Try it = Whatever lies between the line with "boing cat Token Header" and the end of the data, both included, must be copied exactly and without pictures.
--- Information provided Enclosed Below ---
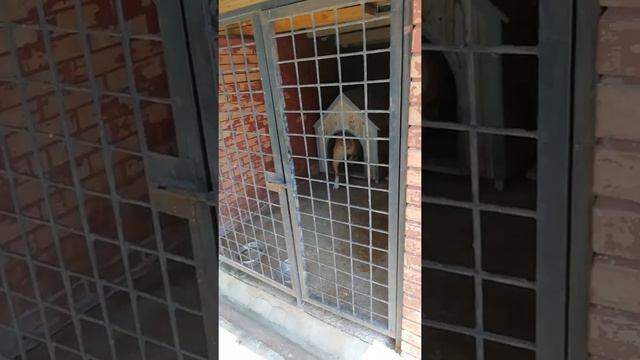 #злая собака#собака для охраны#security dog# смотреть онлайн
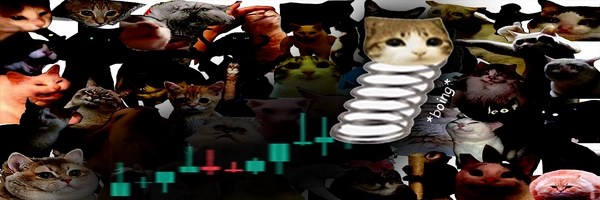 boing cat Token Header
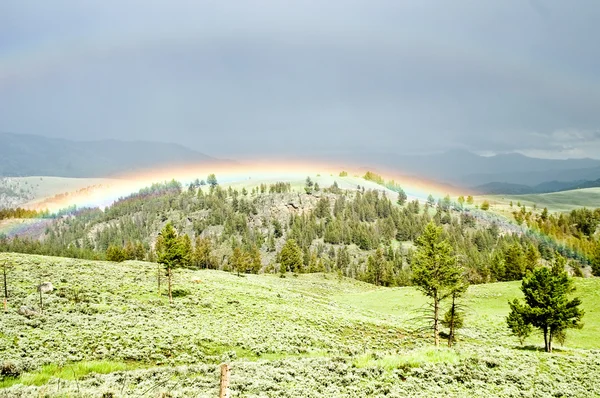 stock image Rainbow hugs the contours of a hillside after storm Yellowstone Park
--- End of Enclosed Information provided ---
Result of this task =
 boing cat Token Header
 stock image Rainbow hugs the contours of a hillside after storm Yellowstone Park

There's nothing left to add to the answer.